You out looking for trouble too? New toy??


----------



## bowfisher (Jun 28, 2016)

Nice trip!


----------



## Try'n Hard (Oct 23, 2008)

I carry that so I won't see a hog to shoot


----------



## hjorgan (Sep 30, 2007)

Dammit man! Making me miss my river cabin. Nice slabs.


----------



## Jason (Oct 2, 2007)

Nice...looks like a minner!


----------



## lees way2 (Oct 7, 2007)

That is a dang good August haul.


----------



## Bodupp (Oct 3, 2007)

43! Dang, we don't get that many all spring! What is the deepest water in your "lake"?

Great catch btw.


----------



## countryjwh (Nov 20, 2007)

Info on jig please.


----------



## 69Viking (Oct 30, 2008)

Great catch, I'll second info on Jig please!


----------



## Try'n Hard (Oct 23, 2008)

Jig info attached, it's just a son and dad. I think they only have a Facebook and you can mail cash or check...it's the only way they do it. Tied jigs are $15 per dozen


----------



## JoeyWelch (Sep 25, 2009)

Dang.


----------



## JoeyWelch (Sep 25, 2009)

You killing me! Think I'll just go back to catfishing...


----------



## ironman (Oct 18, 2007)

WOW.
That's about all I can say.
You da man.
What is your go to rod and reel combo when using jigs?


----------



## Try'n Hard (Oct 23, 2008)

ironman said:


> WOW.
> That's about all I can say.
> You da man.
> What is your go to rod and reel combo when using jigs?

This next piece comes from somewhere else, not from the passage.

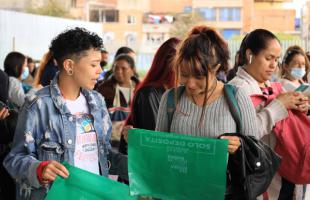 Durante la jornada de sensibilización, entregamos bolsas blancas, negras y verdes para explicar a los usuarios de Transmilenio, la importancia de separar los residuos desde casa, el lugar de estudio o trabajo.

Fenwick eagle rod 6.5'. Penn fierce reel (smallest they make)
8# hi - vis braid. Thinking about going to 4#
Pretty sure it was just right place right time. I can catch them, if they're there. The surprise is they were there!


----------



## ironman (Oct 18, 2007)

I was using a slip cork the other weekend and found out that my Zebco 33 doesn't like to eat the knot on the mono. Been looking for another set up that I can use in different ways. Tried a Kentucky rig the other day and had some success but all were to small.


----------



## Try'n Hard (Oct 23, 2008)

ironman said:


> I was using a slip cork the other weekend and found out that my Zebco 33 doesn't like to eat the knot on the mono. Been looking for another set up that I can use in different ways. Tried a Kentucky rig the other day and had some success but all were to small.




I use the little green string stoppers when using the slip cork. Zebco don't tolerate it to well either though


----------



## ironman (Oct 18, 2007)

I just ordered a dozen of the jigs.


----------



## Try'n Hard (Oct 23, 2008)

ironman said:


> I just ordered a dozen of the jigs.




Hand tied are great since there is no rubber to keep adjusting or replacing. The weedless part works well but setting the hook in a bunch of limbs and missing will sometimes cost you a jig. I lost two over the weekend but that's not bad considering


----------



## ironman (Oct 18, 2007)

I haven't used jigs very often and never caught anything when I did but Like I said trying out some new tactics.


----------



## Try'n Hard (Oct 23, 2008)

ironman said:


> I haven't used jigs very often and never caught anything when I did but Like I said trying out some new tactics.




Crappie have a very distinct "thump" when they hit a jig. It's a wonderful feeling


----------



## skiff89_jr (Apr 1, 2011)

Great report Try'n and good looking jigs!


----------



## Desert Eagle (Apr 25, 2012)

Wow!!! My absolute favorite fresh water fish. Very nice slabs ....


----------